We also prove that for every \alpha>1/2 there exists a position of K, denoted by \overline K_{\alpha} such that the measure of all subspaces F of R^n of co-dimension k-1 with \text{diam}(L\cap F)>\overline P_{\alpha}\left(\frac{n}{k}\right)^{\alpha} is at most \exp{-ck}, for all L=\overline{K}_{\alpha},\overline{K}^{\circ}_{\alpha} and k=1,\dots,n.

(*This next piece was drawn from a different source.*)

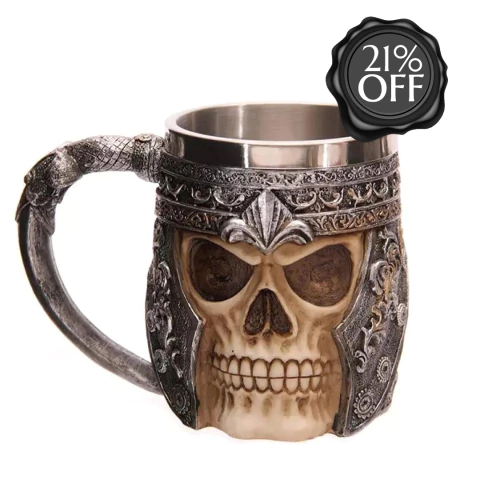 Caneca Caveira Viking - comprar online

For an origin symmetric convex body, we denote M^*_k(K)=\int_{G_{n,k}}\text{diam}(P_F(K))d\sigma_{n,k}(F). We prove that for any 0<\eps,\delta<1/10, if n>\frac{c}{\eps^2} and:

\frac{M_{\floor*{cn\epsilon^2}}^*(K)}{a(K)}\frac{M_{\floor*{cn\epsilon^2}}^*(K^{\circ})}{a(K^{\circ})}>2-\delta/2,

then d_G(K,B_2^n)\leq 1(\epsilon\sqrt{\delta}) for some absolute constant c>0.

For an origin symmetric convex body K\subset \mathbb R^n and r>0, we define t(K,r) as the maximal 1\leq k\leq n such that the measure of all k-dimensional subspaces F with \text{diam}(K\cap F)>r is less than 3/4.

As a consequence of our Generalised Distance Lemma, we prove that:

t(K,r)(K^{\circ},\frac{1}{\kappa r})\geq c(1-\kappa)^2n

for every \kappa\in (0,1), origin symmetric convex body K\subset \mathbb R^n and r>0, whenever n>\frac{c}{(1-\kappa)^2}.